Source data:
- - -

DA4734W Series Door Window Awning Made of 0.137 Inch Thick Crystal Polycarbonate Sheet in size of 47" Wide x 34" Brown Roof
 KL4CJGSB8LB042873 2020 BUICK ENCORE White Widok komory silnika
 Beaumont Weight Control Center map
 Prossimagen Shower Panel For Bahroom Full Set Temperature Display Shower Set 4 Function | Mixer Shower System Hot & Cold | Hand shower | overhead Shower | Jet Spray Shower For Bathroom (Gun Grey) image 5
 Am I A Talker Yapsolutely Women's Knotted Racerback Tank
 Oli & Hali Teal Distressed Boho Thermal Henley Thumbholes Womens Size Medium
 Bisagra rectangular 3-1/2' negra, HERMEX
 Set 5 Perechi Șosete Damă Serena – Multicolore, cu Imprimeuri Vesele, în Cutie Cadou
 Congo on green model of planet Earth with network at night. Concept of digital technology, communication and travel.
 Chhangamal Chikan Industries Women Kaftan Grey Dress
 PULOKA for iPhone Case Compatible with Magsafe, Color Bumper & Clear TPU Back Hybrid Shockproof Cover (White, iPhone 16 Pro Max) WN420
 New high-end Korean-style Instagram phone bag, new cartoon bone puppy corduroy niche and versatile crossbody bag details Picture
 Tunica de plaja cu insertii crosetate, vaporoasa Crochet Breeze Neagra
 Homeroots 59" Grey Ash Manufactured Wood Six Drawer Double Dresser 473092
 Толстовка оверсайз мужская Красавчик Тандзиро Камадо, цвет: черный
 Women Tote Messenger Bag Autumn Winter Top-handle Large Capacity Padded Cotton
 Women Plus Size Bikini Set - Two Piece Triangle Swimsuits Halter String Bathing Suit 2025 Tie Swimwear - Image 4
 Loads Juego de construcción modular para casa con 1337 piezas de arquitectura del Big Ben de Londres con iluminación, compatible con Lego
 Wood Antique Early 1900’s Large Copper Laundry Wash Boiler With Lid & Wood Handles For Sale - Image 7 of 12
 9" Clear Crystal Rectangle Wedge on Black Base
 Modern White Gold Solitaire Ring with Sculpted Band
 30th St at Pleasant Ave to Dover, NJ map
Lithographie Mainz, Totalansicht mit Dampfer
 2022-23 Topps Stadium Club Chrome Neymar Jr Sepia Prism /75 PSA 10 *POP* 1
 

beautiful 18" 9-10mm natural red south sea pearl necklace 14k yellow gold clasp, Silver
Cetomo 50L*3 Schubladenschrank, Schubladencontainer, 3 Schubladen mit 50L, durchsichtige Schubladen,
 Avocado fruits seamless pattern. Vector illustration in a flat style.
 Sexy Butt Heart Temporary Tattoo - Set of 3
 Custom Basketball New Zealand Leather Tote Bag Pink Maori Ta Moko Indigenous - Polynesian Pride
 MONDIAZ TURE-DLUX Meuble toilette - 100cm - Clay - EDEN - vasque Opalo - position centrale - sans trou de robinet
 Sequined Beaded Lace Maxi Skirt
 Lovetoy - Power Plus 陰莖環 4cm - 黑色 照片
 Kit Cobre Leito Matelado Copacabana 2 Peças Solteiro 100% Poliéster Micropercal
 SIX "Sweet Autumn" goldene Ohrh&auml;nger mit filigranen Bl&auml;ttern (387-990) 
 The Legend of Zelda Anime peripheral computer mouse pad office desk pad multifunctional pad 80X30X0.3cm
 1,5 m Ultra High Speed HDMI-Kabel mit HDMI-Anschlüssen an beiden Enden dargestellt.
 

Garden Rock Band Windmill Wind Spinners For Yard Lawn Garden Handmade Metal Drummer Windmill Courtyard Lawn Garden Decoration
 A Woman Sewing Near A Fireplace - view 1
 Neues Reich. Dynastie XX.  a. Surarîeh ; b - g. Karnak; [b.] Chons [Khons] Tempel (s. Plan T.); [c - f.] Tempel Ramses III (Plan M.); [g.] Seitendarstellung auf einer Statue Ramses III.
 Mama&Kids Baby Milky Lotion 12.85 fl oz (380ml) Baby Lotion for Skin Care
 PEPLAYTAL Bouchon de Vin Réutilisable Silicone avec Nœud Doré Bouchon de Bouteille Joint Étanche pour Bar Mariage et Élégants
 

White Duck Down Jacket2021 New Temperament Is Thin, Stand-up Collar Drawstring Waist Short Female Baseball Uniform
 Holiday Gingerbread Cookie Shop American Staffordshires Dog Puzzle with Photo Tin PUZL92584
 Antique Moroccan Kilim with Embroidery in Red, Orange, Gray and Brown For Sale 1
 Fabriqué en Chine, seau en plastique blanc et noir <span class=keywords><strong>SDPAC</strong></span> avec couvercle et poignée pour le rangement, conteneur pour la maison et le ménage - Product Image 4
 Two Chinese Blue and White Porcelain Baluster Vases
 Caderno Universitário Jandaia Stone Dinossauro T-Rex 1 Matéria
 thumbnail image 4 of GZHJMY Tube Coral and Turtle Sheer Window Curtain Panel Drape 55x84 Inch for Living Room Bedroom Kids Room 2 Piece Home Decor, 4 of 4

- - -

Problem statement:
Every line above needs to be retyped exactly.

Reply to the exercise:
DA4734W Series Door Window Awning Made of 0.137 Inch Thick Crystal Polycarbonate Sheet in size of 47" Wide x 34" Brown Roof
 KL4CJGSB8LB042873 2020 BUICK ENCORE White Widok komory silnika
 Beaumont Weight Control Center map
 Prossimagen Shower Panel For Bahroom Full Set Temperature Display Shower Set 4 Function | Mixer Shower System Hot & Cold | Hand shower | overhead Shower | Jet Spray Shower For Bathroom (Gun Grey) image 5
 Am I A Talker Yapsolutely Women's Knotted Racerback Tank
 Oli & Hali Teal Distressed Boho Thermal Henley Thumbholes Womens Size Medium
 Bisagra rectangular 3-1/2' negra, HERMEX
 Set 5 Perechi Șosete Damă Serena – Multicolore, cu Imprimeuri Vesele, în Cutie Cadou
 Congo on green model of planet Earth with network at night. Concept of digital technology, communication and travel.
 Chhangamal Chikan Industries Women Kaftan Grey Dress
 PULOKA for iPhone Case Compatible with Magsafe, Color Bumper & Clear TPU Back Hybrid Shockproof Cover (White, iPhone 16 Pro Max) WN420
 New high-end Korean-style Instagram phone bag, new cartoon bone puppy corduroy niche and versatile crossbody bag details Picture
 Tunica de plaja cu insertii crosetate, vaporoasa Crochet Breeze Neagra
 Homeroots 59" Grey Ash Manufactured Wood Six Drawer Double Dresser 473092
 Толстовка оверсайз мужская Красавчик Тандзиро Камадо, цвет: черный
 Women Tote Messenger Bag Autumn Winter Top-handle Large Capacity Padded Cotton
 Women Plus Size Bikini Set - Two Piece Triangle Swimsuits Halter String Bathing Suit 2025 Tie Swimwear - Image 4
 Loads Juego de construcción modular para casa con 1337 piezas de arquitectura del Big Ben de Londres con iluminación, compatible con Lego
 Wood Antique Early 1900’s Large Copper Laundry Wash Boiler With Lid & Wood Handles For Sale - Image 7 of 12
 9" Clear Crystal Rectangle Wedge on Black Base
 Modern White Gold Solitaire Ring with Sculpted Band
 30th St at Pleasant Ave to Dover, NJ map
Lithographie Mainz, Totalansicht mit Dampfer
 2022-23 Topps Stadium Club Chrome Neymar Jr Sepia Prism /75 PSA 10 *POP* 1
 

beautiful 18" 9-10mm natural red south sea pearl necklace 14k yellow gold clasp, Silver
Cetomo 50L*3 Schubladenschrank, Schubladencontainer, 3 Schubladen mit 50L, durchsichtige Schubladen,
 Avocado fruits seamless pattern. Vector illustration in a flat style.
 Sexy Butt Heart Temporary Tattoo - Set of 3
 Custom Basketball New Zealand Leather Tote Bag Pink Maori Ta Moko Indigenous - Polynesian Pride
 MONDIAZ TURE-DLUX Meuble toilette - 100cm - Clay - EDEN - vasque Opalo - position centrale - sans trou de robinet
 Sequined Beaded Lace Maxi Skirt
 Lovetoy - Power Plus 陰莖環 4cm - 黑色 照片
 Kit Cobre Leito Matelado Copacabana 2 Peças Solteiro 100% Poliéster Micropercal
 SIX "Sweet Autumn" goldene Ohrh&auml;nger mit filigranen Bl&auml;ttern (387-990) 
 The Legend of Zelda Anime peripheral computer mouse pad office desk pad multifunctional pad 80X30X0.3cm
 1,5 m Ultra High Speed HDMI-Kabel mit HDMI-Anschlüssen an beiden Enden dargestellt.
 

Garden Rock Band Windmill Wind Spinners For Yard Lawn Garden Handmade Metal Drummer Windmill Courtyard Lawn Garden Decoration
 A Woman Sewing Near A Fireplace - view 1
 Neues Reich. Dynastie XX.  a. Surarîeh ; b - g. Karnak; [b.] Chons [Khons] Tempel (s. Plan T.); [c - f.] Tempel Ramses III (Plan M.); [g.] Seitendarstellung auf einer Statue Ramses III.
 Mama&Kids Baby Milky Lotion 12.85 fl oz (380ml) Baby Lotion for Skin Care
 PEPLAYTAL Bouchon de Vin Réutilisable Silicone avec Nœud Doré Bouchon de Bouteille Joint Étanche pour Bar Mariage et Élégants
 

White Duck Down Jacket2021 New Temperament Is Thin, Stand-up Collar Drawstring Waist Short Female Baseball Uniform
 Holiday Gingerbread Cookie Shop American Staffordshires Dog Puzzle with Photo Tin PUZL92584
 Antique Moroccan Kilim with Embroidery in Red, Orange, Gray and Brown For Sale 1
 Fabriqué en Chine, seau en plastique blanc et noir <span class=keywords><strong>SDPAC</strong></span> avec couvercle et poignée pour le rangement, conteneur pour la maison et le ménage - Product Image 4
 Two Chinese Blue and White Porcelain Baluster Vases
 Caderno Universitário Jandaia Stone Dinossauro T-Rex 1 Matéria
 thumbnail image 4 of GZHJMY Tube Coral and Turtle Sheer Window Curtain Panel Drape 55x84 Inch for Living Room Bedroom Kids Room 2 Piece Home Decor, 4 of 4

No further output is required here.